Unless you absolutely know what you’re doing, reinstalling will probably be the best option, yes.

1 Like

So apparently you do know how to get into the UEFI firmware setup.

That was before the system locked up. I could access UEFI firmware setup just fine before I changed that setting.

Do you know of a way I could attempt to access the UEFI now? I have already tried all the F keys at boot and all the F keys with Fn pressed, and I know of no other way of getting into the UEFI firmware setup. (Except the grub screen, which I cannot get to currently)

Well, only you know what you did and how you did it. I’d recommend consulting the machine’s manual. :man_shrugging:

All the manual for the machine tells me to do is press F2 when the first lenovo splash screen appears, which just gets me stuck on the splash screen. Any ideas?

You could try to remove the CMOS battery and then put it back after about five minutes. You will then of course have to set up all your UEFI settings again, but at least you’ll regain access to those settings.

:man_shrugging:

Sorry if this sounds stupid, but this doesnt erase anything else right?

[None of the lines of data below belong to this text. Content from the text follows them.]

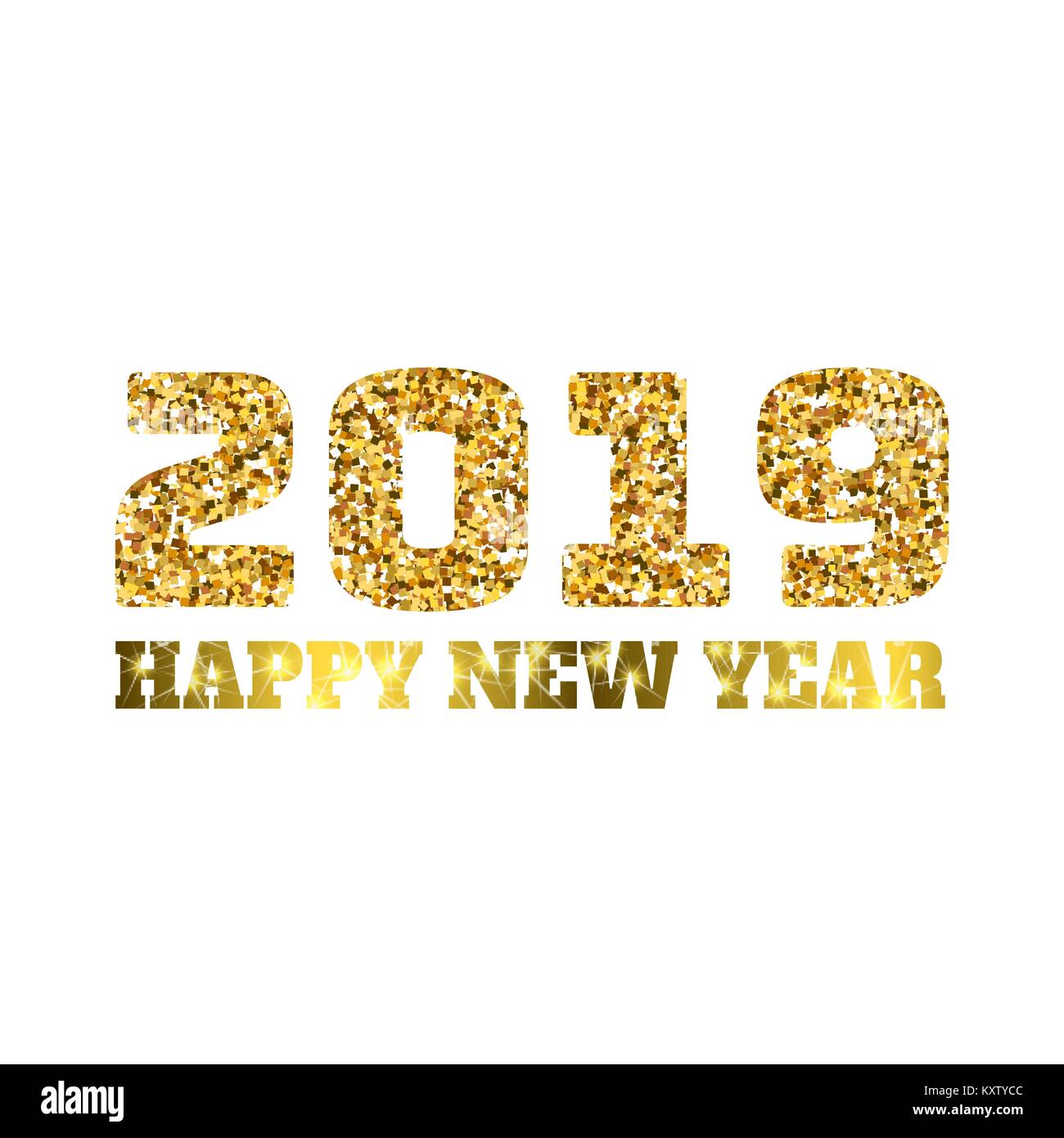 Happy new 2019 year. Gold glitter particles and sparkles. Holidays ...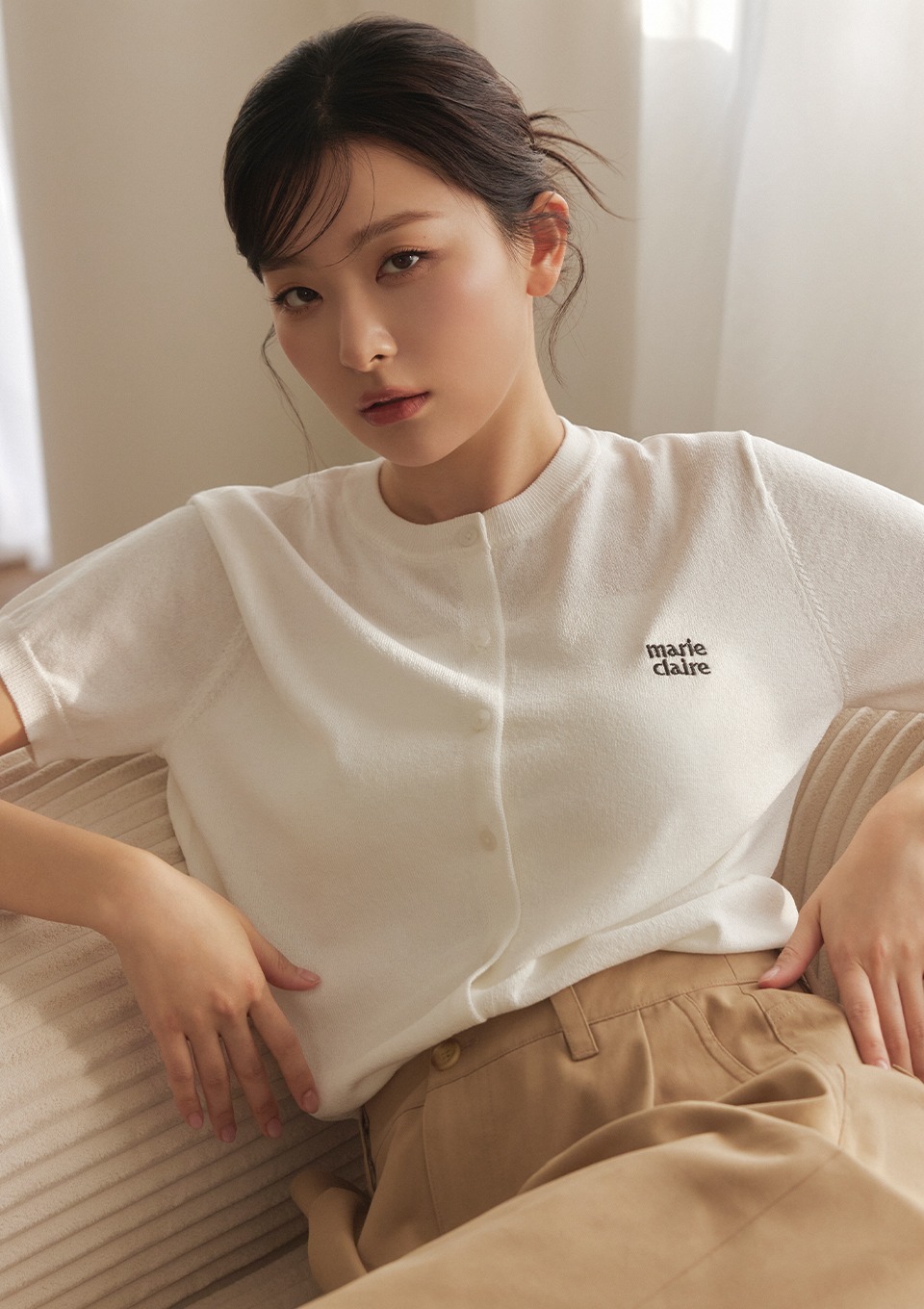 Marie Claire｜Basic logo round short-sleeve cardigan (4colors)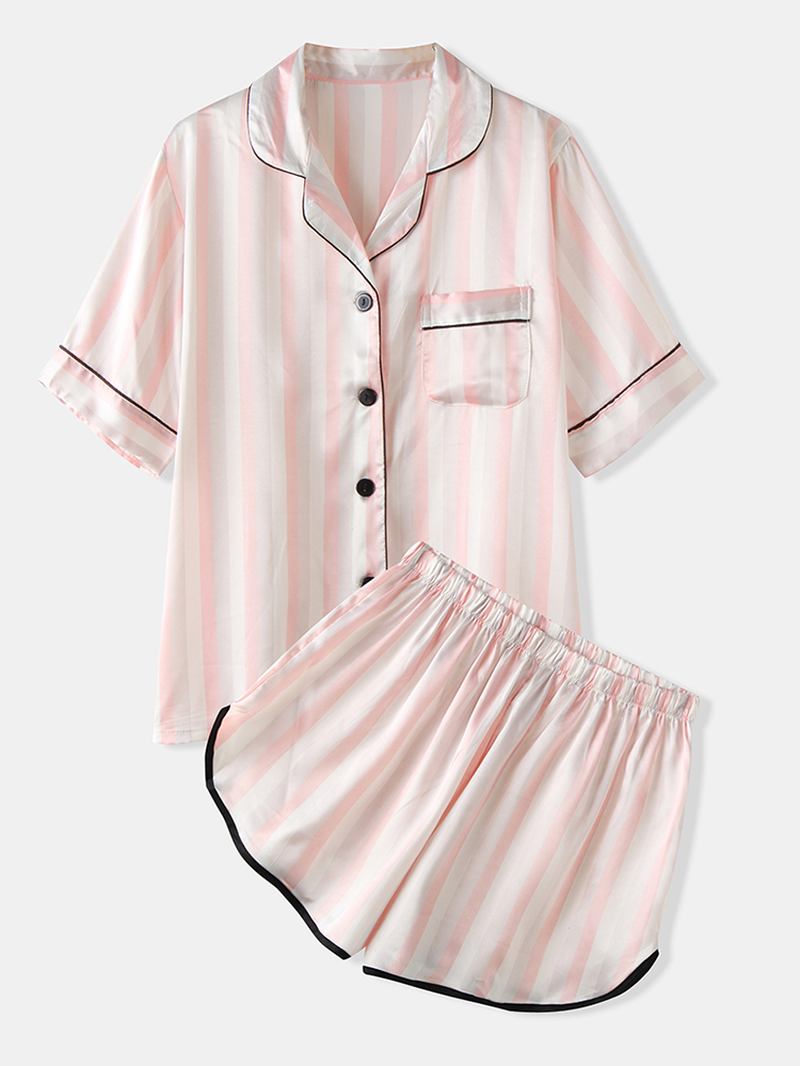 Kvinnor Färgglada Randiga Button Up Revere Krage Pocket Home Ice Silk Pyjamas Set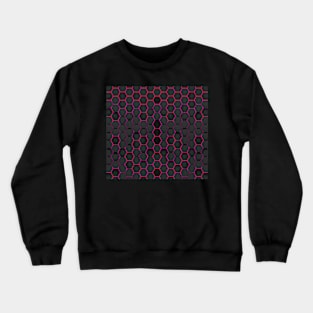 Hexagons pattern black, red and purple Crewneck Sweatshirt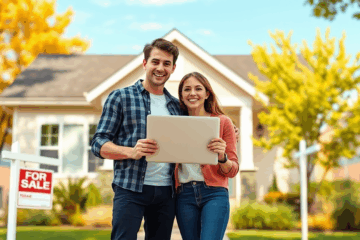 Een moderne woning met een tuin, symbool voor het realiseren van de droom van een eigen huis met een online lening.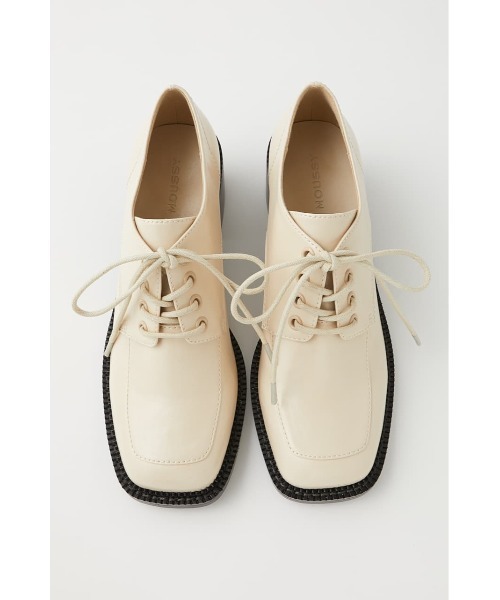 MOUSSY(マウジー)の「LACE UP SQUARE シューズ(ブーツ・レディース・ブラック/アイボリー・LARGE/SMALL/MEDIUM)」の5枚目の写真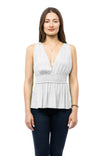 Smocked Waist Satin Tank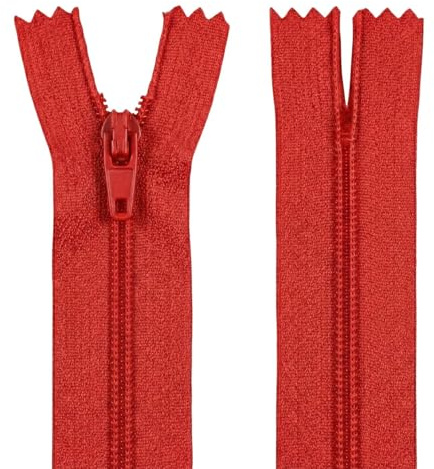 Cerniera lampo rossa da 36 cm, in nylon leggero, con denti per cuscini, gonne, piccole borse, Giddy Square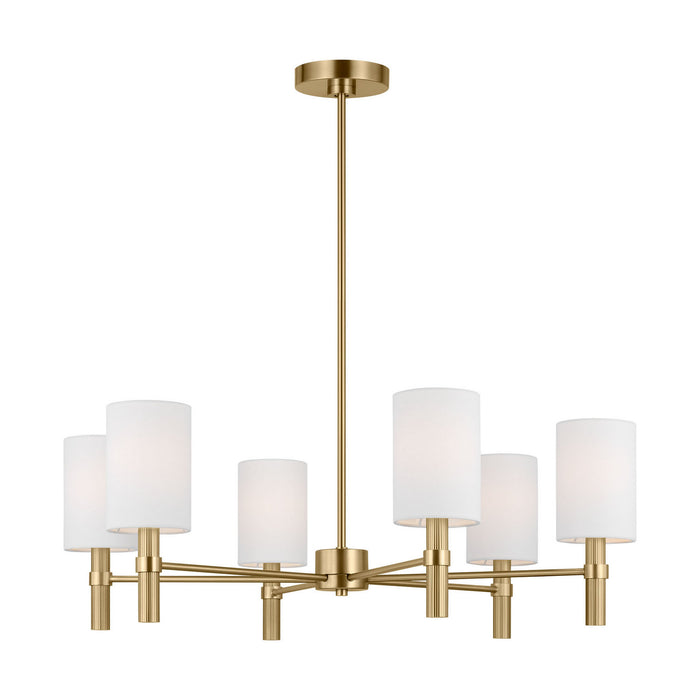 Myhouse Lighting Visual Comfort Studio - DJC1146SB - Six Light Chandelier - Manor - Satin Brass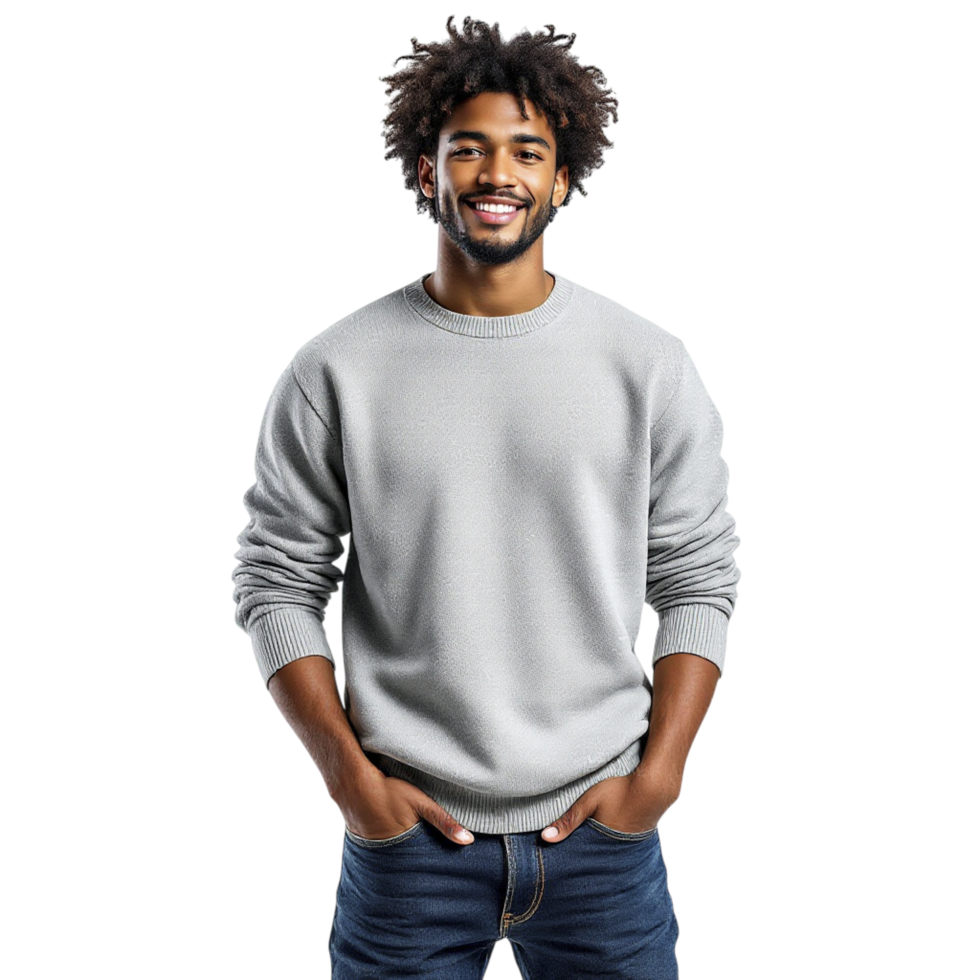 Man in a grey sweatshirt standing in front of a black background png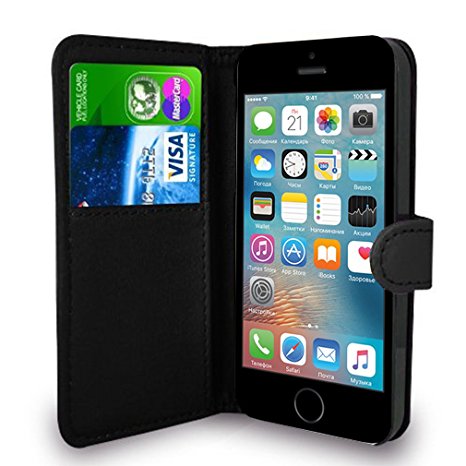 Black Leather Flip Wallet Slim Case Cover Pouch With Card Holder For Apple iPhone SE 5 / 5S and Screen Protector With Polishing Cloth And Stylus Pen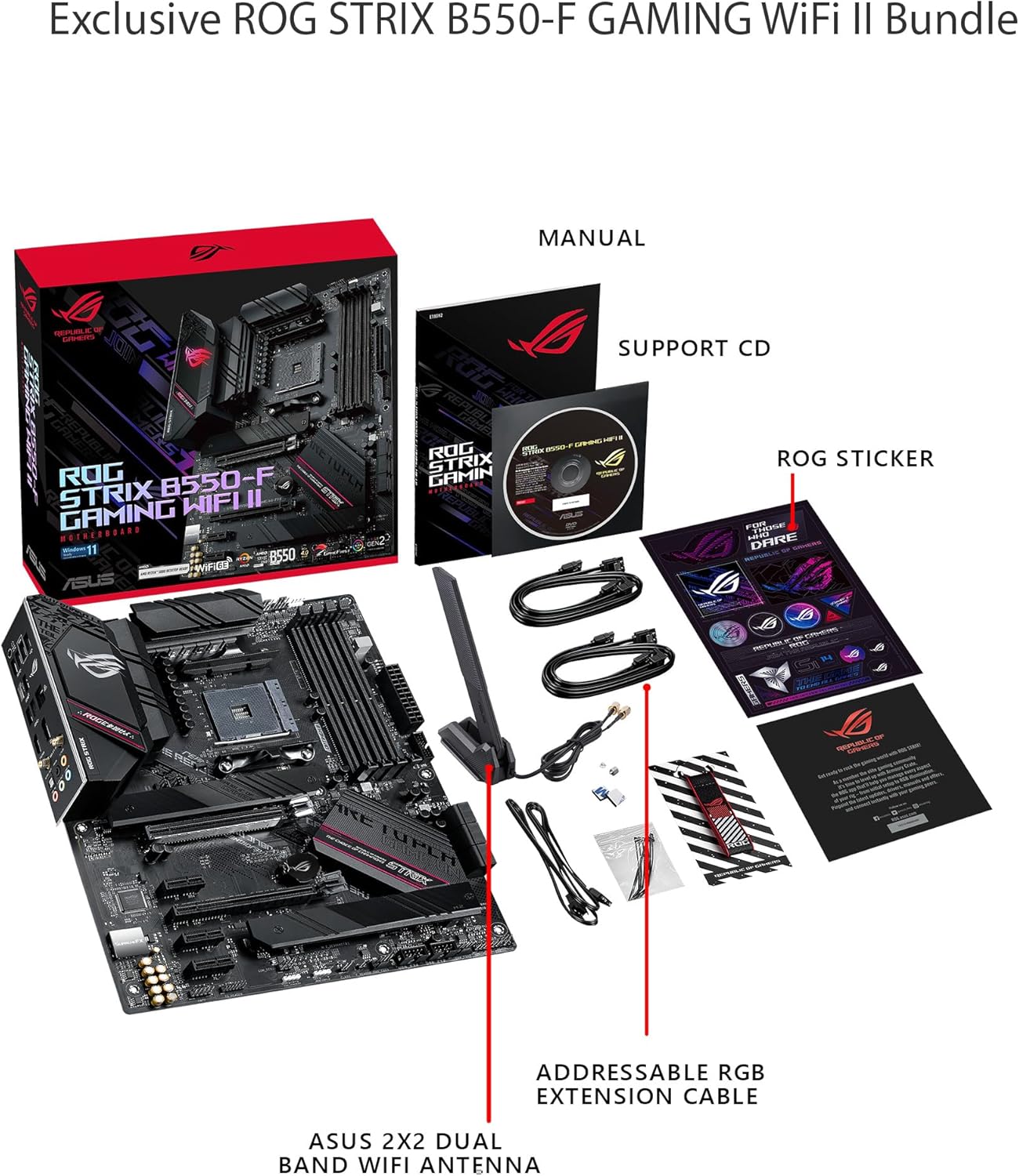 Asus ROG Strix B550-F Gaming WiFi II AMD AM4 (3rd Gen Ryzen) ATX Gaming Motherboard (PCIe 4.0,WiFi 6E, 2.5Gb LAN, BIOS Flashback, HDMI 2.1, Addressable Gen 2 RGB Header and Aura Sync)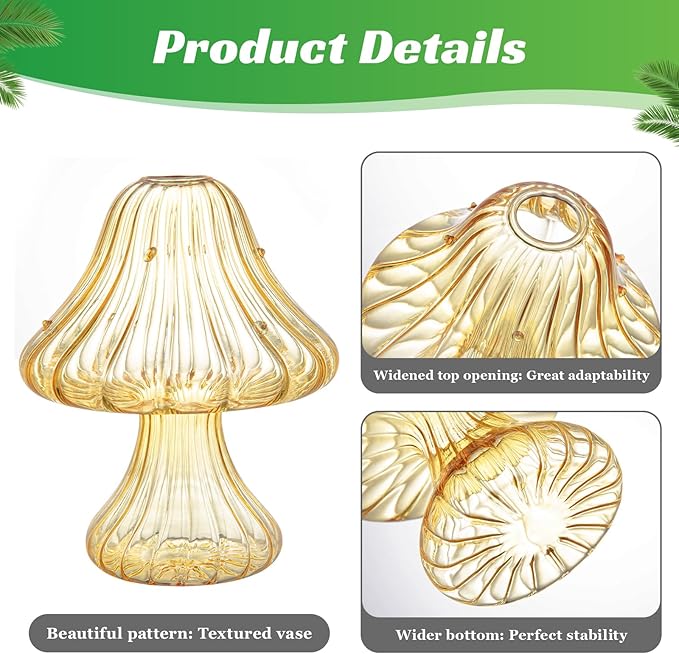 Mushroom Glass Vases for Indoor Plants, Set of 10 Colored Plant Propagation Stations, Cute Mini Terrarium, Unique Small Hydroponic Pots for Flowers, Decor Vase Gifts for Women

Also that means I take off the back plate, remove the battery, find a shiny round thing underneath which I take out and then replace it after 5 minutes. Is that remotely correct?

1 Like

Maybe this helps, please see:
https://forums.lenovo.com/t5/Lenovo-P-Y-and-Z-series/can-t-access-UEFI-BIOS-menu-and-BOOT-menu-on-my-lenovo-z580/td-p/1353247

1 Like

Not like my situation at all, sorry… I have no access whatsoever to the OS.

I’ve sent in a warranty request and hope to get it fixed by them. Thanks for the ideas!